Saving money for a deposit

To get a good mortgage, you often need a dauntingly big deposit. Follow our steps to make it more manageable and turn your home-buying dream into reality.

Step 1 – Weigh up your options

Did you know?

Four out of five Britons would prefer to own their home rather than rent. An estimated eight out of 10 under-30s rely on help from parents to buy their first home. (Source: The Council of Mortgage Lenders)

The average first-time buyer puts down a 20% deposit on their first home, which could mean finding a daunting £20,000 or more. But the supply of 90% mortgages is increasing and there are a variety of other ways to reduce your payments:

  • Bank of mum and dad. Parents may help with cash gifts, informal loans, or more formal arrangements with the mortgage lender to provide part of the deposit or act as guarantor (in which case, they become liable for paying the mortgage if you can’t).
  • Buy with friends or family. You might be able to club together to buy a home jointly, but think through how this will work later on if one of you wants to sell their share.
  • Shared ownership. If you currently rent a council or housing association property and have a household income of less than £80,000 (outside London) or £90,000 (inside London), you may be eligible to buy part of a home and rent the rest. This reduces the size of the mortgage and deposit you need, so you pay less for the mortgage but also have to pay some rent.
  • Help to Buy and other shared equity schemes. These help you buy a new-build home. You typically need a deposit of only 5% and the government or the developer lends you the rest of the deposit – up to a further 20%. Under Help to Buy this loan is free for the first five years but you need to plan how you will pay the yearly fee that kicks in from Year 6 onwards. It is only available for new-build homes.
  • Help to Buy Mortgage Guarantee scheme. Available now to help you buy a new-build or older home, you put down a deposit of between 5% and 20%.
  • Some mortgage deals also cover your valuation and legal fees, reducing the amount of up-front money you need to find on top of the deposit.
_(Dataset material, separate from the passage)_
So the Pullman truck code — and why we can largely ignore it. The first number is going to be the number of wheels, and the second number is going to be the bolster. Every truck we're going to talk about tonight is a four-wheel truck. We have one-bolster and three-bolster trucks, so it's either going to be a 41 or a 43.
Checking house prices in the area where you want to buy, and deciding whether any of the options above could be for you, will help you work out the size of the mortgage deposit you’re going to need.

Find out about Help to Buy and other housing schemes

Step 2 – Work out how much to save each month

Once you know the amount of deposit you’ll need, make a plan to reach this goal. Regular saving is more effective than relying on irregular one-off sums. How long it will take depends on how much you can afford to set aside each month. Use our Savings calculator to help you do the sums.
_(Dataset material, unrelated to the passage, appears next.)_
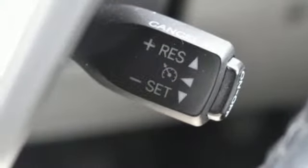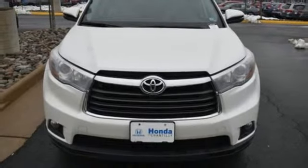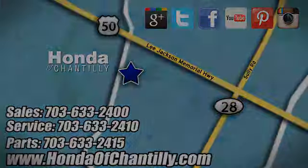Toyota — steered by ingenuity, driven by passion. Stop in for a test drive and make it yours today at Honda of Chantilly. We're conveniently located just south of Dulles Airport at 4175 Stonecroft Boulevard in Chantilly.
Be realistic about how much you can afford. For example, suppose you want to buy in three years’ time and will need £10,000: you’ll need to save around £265 a month. But, if you only feel comfortable saving £150 a month, you will need to plan on buying in just over five years’ time. This may seem a long wait, but it is better than trying to save too much and giving up altogether.

Step 3 – Get started

Top tip

Set up a regular payment (direct debit or standing order) to automatically transfer a set amount into your savings each month.

Strike while the iron’s hot! Decide where to stash your savings. Maybe you already have an online bank account that lets you set up a separate pot for your goal. Otherwise, open a separate savings account.

You could opt for an instant access account. But, since it will most likely be some years before you are ready to buy, you may want to look at accounts that tie up your money but offer better interest.

Find out about Direct debits and standing orders

Read our guide Cash savings at a glance for ideas

Price comparison websites

Comparison websites are a good starting point for anyone trying to find a savings account tailored to their needs.

We recommend the following websites for comparing savings accounts:

Remember:

  • Comparison websites won’t all give you the same results, so make sure you use more than one site before making a decision.
  • It is also important to do some research into the type of product and features you need before making a purchase or changing supplier.
  • Find out more in our guide to comparison sites.

Step 4 – Watch your savings grow

Review your savings account at least once a year to check you are getting the best rate of interest. Make sure you use your yearly cash ISA allowance so that you don’t pay tax unnecessarily. Many ISAs tempt you with a bonus for the first few months or year but then fall back to dismal rates.

What to do next

  • Check whether you can reduce the deposit you need, for example, through a Help to Buy scheme or family support.
  • Open a savings account if you don’t already have one – go online or pop into your bank or building society.
  • Set up a regular payment into your savings account every month.Use this downloadable template (DOC 25KB) to send a standing order instruction to your bank.